Based in New York his work came to prominence during the
late 1940s and 1950s.
Newman's painting is typically made on a large scale; it
is emphatically abstract, and deceptively simple.
The majority of these works contain one or more vertical
or near vertical lines inscribed within a broad, flatly
painted field of saturated oil or acrylic colour.
The linear elements, or 'zips' are often made by masking
off areas of the canvas with tape, which is then removed
at some point during the painting process.
Thus the zips can appear either to rest on the surface of
the colour plane or lie somewhere behind it.
The
work has been interpreted in a variety of ways.
For some commentators, Newman is a self-referential abstract
practice in which the lines and planes are seen principally
to emphasise the shape and structure of the rectangular
canvas.
However Newman himself aimed to make work in the tradition
of a 'tragic' or 'sublime' art.
The work would have the ambition of the epic schemes of,
say, Michelangelo, but would be made in entirely modern,
that is to say, abstract terms.
The title often provides a clue to Newman's thinking.

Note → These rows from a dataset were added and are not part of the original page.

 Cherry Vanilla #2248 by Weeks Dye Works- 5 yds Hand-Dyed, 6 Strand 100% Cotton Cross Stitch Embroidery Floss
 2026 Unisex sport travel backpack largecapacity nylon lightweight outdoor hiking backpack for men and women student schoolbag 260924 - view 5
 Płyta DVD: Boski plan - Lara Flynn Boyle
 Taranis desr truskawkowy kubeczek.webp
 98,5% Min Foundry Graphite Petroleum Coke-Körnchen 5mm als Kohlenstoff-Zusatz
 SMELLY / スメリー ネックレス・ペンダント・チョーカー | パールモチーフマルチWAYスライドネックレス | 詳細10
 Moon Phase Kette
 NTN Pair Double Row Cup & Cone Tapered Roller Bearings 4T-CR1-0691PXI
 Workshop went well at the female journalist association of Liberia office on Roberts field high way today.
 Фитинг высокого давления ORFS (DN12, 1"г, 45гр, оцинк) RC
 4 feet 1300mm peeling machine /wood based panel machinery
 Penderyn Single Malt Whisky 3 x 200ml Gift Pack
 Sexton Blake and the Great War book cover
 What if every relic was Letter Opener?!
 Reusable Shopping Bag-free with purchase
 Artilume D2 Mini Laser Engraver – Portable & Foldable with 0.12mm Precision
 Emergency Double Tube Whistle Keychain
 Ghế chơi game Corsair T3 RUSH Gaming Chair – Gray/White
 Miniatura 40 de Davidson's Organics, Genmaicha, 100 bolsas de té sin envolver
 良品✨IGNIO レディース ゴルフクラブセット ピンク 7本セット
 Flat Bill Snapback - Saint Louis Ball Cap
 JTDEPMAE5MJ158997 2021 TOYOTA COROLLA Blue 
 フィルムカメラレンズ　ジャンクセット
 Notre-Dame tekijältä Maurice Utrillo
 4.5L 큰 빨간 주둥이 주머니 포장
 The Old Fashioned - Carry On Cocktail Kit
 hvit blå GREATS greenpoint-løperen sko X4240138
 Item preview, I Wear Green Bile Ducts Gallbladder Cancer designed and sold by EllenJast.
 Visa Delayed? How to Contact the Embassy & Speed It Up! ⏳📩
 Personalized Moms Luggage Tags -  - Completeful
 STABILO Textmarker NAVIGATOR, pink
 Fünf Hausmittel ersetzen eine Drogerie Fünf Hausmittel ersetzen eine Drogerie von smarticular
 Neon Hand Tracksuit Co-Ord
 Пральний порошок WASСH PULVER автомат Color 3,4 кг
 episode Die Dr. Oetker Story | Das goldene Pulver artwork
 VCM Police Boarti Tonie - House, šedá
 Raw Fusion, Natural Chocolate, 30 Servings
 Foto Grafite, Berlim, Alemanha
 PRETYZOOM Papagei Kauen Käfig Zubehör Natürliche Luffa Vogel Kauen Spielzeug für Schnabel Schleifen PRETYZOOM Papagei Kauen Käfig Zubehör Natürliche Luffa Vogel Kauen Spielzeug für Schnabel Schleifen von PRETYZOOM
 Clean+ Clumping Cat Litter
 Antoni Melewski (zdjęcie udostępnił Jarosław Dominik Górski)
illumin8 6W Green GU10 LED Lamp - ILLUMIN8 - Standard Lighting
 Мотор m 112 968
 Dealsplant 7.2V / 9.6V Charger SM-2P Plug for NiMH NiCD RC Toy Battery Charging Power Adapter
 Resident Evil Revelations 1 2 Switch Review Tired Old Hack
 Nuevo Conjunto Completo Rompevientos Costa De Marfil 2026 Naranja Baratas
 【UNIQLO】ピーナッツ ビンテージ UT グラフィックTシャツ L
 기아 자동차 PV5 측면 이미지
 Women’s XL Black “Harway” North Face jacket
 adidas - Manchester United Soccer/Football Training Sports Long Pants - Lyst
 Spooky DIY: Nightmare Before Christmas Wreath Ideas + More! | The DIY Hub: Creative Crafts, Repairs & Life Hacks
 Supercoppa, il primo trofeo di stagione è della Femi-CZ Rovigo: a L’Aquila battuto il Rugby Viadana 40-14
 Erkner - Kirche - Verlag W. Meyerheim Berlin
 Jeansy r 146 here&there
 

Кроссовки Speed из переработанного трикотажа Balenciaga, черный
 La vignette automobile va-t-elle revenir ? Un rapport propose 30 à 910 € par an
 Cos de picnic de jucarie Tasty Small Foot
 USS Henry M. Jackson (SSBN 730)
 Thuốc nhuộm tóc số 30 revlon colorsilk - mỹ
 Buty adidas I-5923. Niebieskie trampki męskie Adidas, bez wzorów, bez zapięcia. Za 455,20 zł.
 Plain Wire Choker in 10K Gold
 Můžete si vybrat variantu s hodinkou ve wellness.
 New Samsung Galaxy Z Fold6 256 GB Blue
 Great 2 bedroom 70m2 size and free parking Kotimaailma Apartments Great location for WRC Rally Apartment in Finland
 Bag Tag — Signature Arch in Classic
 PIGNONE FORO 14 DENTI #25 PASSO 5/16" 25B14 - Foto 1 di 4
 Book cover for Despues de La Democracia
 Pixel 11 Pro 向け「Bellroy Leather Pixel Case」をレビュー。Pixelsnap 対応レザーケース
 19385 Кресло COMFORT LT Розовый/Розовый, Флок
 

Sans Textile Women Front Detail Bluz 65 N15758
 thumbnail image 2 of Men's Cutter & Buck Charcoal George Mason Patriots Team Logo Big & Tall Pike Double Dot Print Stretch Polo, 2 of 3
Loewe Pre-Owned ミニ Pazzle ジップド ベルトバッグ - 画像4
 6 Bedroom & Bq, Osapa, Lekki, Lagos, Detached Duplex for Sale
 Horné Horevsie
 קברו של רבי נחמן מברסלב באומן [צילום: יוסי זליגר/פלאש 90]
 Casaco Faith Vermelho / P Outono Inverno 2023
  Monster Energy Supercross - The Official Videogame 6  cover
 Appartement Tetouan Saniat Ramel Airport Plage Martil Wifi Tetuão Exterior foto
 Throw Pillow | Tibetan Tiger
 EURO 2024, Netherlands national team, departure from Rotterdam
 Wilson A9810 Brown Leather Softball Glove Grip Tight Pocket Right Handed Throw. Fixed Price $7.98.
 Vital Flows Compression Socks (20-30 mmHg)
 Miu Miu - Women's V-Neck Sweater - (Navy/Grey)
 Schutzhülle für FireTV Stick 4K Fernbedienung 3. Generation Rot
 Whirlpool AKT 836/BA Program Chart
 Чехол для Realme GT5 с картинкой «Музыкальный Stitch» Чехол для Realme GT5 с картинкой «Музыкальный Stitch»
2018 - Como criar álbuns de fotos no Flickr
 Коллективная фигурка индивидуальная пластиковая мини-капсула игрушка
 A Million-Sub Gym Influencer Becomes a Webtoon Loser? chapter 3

Adam is clearly not meant as a likeness in a conventional sense.
The work is perhaps more concerned with abstract concepts such a beginnings, origins and Creation.
Other works of the time have titles such as One and In the Beginning.
For Newman the artist could not adequately illustrate such fundamental ideas through conventional imagery.
Rather his aim was to produce an abstract equivalent for the experience of oneness or beginning.